Your instructions >>
Within the lines below, find those that hold the string "from" and copy each one.

Segment Start: Material for this exercise

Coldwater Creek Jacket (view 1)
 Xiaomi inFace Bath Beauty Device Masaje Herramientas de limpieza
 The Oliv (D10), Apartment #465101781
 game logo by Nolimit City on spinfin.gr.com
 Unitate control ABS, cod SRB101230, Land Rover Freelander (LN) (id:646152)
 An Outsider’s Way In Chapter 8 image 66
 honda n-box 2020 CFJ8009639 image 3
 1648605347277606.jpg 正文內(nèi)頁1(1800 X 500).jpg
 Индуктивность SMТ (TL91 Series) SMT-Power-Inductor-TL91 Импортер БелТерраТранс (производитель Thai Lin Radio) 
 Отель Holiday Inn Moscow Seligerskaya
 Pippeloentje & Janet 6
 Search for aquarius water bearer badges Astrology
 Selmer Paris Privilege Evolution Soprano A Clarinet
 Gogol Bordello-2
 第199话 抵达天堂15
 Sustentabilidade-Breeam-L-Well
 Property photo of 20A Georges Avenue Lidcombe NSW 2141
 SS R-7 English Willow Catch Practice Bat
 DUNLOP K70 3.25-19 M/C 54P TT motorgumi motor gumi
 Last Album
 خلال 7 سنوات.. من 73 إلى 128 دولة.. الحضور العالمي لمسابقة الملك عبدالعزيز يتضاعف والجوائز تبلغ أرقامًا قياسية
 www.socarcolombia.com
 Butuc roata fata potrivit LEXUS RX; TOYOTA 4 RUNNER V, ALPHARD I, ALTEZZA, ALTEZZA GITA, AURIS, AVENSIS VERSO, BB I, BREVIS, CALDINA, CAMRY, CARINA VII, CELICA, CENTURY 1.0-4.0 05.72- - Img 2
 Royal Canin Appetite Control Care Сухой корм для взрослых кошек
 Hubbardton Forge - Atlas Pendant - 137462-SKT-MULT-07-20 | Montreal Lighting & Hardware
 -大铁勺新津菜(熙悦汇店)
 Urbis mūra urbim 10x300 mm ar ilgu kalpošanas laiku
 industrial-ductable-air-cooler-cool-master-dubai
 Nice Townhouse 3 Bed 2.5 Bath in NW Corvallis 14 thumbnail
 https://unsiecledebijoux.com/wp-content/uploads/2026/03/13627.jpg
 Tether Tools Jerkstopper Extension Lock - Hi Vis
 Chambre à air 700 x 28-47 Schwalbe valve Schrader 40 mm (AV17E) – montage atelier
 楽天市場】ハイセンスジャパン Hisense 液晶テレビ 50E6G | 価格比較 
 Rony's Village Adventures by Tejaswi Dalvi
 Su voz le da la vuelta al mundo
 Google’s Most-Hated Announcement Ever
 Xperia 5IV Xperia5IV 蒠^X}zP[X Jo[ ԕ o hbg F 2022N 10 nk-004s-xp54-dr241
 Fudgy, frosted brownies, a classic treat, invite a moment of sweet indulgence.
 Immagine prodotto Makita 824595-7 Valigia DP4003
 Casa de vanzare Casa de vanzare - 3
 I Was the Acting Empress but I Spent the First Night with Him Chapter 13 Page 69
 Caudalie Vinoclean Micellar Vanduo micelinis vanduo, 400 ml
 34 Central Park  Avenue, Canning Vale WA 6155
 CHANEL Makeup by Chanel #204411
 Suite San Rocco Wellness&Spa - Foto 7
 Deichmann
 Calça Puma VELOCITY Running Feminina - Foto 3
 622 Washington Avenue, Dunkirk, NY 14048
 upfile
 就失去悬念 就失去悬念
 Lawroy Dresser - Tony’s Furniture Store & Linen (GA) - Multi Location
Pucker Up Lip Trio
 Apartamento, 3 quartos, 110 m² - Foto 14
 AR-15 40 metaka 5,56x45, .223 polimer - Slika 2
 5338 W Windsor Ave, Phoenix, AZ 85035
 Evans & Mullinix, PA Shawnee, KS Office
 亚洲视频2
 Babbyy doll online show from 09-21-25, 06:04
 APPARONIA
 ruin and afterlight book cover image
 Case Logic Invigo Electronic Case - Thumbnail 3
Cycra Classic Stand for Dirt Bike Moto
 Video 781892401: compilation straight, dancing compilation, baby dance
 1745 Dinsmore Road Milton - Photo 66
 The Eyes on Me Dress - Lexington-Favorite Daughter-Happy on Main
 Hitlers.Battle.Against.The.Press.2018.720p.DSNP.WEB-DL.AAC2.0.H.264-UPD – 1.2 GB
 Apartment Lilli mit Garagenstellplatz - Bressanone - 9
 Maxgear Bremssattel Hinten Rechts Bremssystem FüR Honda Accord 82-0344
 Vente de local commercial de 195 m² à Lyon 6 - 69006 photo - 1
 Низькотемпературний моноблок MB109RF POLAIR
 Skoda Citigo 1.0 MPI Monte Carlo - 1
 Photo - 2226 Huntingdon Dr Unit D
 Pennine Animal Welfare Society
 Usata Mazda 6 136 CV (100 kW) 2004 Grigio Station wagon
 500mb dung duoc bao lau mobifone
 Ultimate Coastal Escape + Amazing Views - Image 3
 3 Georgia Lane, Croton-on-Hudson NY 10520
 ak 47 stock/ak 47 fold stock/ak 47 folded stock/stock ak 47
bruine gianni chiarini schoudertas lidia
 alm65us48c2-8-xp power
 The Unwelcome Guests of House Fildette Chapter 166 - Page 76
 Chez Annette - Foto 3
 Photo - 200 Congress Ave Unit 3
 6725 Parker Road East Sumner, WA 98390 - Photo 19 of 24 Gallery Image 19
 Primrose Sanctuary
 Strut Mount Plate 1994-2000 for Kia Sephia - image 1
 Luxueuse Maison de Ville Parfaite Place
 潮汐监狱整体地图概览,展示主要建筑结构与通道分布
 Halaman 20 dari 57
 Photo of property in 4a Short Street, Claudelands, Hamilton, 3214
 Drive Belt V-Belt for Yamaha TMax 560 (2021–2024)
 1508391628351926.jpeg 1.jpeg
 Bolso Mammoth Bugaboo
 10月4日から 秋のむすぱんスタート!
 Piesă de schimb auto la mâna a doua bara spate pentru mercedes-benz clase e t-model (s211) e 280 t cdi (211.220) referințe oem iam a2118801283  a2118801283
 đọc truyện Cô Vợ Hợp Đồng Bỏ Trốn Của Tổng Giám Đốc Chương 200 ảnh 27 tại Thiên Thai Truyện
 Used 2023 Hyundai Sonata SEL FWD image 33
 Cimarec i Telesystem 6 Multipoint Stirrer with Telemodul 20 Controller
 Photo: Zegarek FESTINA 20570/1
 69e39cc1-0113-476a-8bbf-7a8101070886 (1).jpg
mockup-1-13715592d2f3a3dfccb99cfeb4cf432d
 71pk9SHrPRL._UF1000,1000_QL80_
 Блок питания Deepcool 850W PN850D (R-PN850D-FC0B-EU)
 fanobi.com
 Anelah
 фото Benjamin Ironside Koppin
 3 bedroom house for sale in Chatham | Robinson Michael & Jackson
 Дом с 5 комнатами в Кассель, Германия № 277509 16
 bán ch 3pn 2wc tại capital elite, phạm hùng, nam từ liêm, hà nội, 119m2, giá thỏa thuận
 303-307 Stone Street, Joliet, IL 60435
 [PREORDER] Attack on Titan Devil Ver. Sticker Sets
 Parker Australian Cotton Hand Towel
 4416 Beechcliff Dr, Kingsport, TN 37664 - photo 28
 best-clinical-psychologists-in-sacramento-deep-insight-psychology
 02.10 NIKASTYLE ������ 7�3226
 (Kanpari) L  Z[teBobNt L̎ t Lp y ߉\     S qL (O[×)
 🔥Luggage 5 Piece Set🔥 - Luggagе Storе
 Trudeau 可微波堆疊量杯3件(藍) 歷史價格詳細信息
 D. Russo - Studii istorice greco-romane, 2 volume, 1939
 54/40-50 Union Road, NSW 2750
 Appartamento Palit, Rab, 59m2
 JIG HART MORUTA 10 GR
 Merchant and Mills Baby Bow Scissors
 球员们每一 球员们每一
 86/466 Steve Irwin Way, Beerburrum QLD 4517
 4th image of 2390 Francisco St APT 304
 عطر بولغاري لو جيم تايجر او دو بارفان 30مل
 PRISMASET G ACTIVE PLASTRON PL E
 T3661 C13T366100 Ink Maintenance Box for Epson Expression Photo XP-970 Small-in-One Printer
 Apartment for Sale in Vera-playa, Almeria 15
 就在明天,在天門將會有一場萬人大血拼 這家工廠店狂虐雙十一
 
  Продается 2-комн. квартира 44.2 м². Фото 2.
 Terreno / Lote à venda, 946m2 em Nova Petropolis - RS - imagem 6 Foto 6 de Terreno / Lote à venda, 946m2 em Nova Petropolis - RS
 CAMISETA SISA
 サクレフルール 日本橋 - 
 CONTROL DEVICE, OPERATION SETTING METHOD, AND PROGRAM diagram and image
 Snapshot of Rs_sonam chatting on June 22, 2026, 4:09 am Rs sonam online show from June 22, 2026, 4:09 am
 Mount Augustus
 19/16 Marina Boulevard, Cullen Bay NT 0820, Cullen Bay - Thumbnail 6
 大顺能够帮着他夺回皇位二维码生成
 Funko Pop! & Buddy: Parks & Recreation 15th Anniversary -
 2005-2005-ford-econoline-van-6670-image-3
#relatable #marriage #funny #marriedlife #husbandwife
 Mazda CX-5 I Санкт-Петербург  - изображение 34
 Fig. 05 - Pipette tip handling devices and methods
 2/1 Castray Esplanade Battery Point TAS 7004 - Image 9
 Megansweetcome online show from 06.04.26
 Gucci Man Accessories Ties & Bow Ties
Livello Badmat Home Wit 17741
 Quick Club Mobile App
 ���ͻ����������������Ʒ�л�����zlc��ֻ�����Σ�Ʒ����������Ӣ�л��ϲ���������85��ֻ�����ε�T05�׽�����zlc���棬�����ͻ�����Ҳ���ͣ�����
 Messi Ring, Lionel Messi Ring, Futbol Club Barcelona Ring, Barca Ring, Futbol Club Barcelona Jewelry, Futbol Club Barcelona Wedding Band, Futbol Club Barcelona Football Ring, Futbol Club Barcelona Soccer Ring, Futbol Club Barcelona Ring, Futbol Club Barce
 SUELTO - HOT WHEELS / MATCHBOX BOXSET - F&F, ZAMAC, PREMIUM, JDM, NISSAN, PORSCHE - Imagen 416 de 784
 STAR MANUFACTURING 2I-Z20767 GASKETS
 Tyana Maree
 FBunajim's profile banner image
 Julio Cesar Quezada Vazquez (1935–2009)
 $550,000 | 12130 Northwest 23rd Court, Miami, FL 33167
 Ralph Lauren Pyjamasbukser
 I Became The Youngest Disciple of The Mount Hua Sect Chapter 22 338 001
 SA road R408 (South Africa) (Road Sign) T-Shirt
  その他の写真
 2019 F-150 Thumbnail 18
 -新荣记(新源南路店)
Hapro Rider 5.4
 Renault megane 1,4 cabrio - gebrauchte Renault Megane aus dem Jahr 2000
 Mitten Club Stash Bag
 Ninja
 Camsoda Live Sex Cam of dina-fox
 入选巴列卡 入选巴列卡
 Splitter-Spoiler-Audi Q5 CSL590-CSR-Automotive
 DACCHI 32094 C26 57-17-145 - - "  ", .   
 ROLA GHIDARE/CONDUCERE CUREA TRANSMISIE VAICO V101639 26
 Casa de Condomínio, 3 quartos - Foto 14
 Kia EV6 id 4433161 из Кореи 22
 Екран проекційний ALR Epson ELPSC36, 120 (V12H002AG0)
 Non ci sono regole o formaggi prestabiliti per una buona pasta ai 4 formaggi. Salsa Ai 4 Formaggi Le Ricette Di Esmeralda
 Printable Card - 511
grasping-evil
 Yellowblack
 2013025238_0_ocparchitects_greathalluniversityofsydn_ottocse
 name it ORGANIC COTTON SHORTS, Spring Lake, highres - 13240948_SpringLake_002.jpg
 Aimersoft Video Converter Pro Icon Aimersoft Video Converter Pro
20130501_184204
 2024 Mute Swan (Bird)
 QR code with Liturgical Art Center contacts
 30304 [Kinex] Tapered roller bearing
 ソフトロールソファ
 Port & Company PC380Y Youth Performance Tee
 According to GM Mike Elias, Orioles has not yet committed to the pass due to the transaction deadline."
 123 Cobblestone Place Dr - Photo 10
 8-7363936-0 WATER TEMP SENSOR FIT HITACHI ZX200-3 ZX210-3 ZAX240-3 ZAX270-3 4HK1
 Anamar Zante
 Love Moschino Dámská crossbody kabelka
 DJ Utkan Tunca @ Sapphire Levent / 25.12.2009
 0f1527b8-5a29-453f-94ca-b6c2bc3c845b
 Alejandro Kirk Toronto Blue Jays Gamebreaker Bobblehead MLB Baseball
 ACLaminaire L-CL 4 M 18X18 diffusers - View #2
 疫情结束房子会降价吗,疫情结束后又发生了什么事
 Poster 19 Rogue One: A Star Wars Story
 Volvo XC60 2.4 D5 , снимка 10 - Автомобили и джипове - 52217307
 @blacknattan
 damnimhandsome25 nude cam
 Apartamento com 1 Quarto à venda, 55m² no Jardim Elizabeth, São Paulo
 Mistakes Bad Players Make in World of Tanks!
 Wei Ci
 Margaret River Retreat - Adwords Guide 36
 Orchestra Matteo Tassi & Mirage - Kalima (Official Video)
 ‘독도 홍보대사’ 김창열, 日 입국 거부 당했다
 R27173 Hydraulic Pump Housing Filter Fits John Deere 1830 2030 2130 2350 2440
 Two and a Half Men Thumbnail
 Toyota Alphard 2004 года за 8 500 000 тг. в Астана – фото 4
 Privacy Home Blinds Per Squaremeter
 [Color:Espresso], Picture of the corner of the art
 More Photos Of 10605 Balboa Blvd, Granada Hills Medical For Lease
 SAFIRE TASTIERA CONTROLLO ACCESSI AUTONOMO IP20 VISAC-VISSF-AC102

Segment End: Material for this exercise

Task solution >>
 Babbyy doll online show from 09-21-25, 06:04
 Snapshot of Rs_sonam chatting on June 22, 2026, 4:09 am Rs sonam online show from June 22, 2026, 4:09 am
 Megansweetcome online show from 06.04.26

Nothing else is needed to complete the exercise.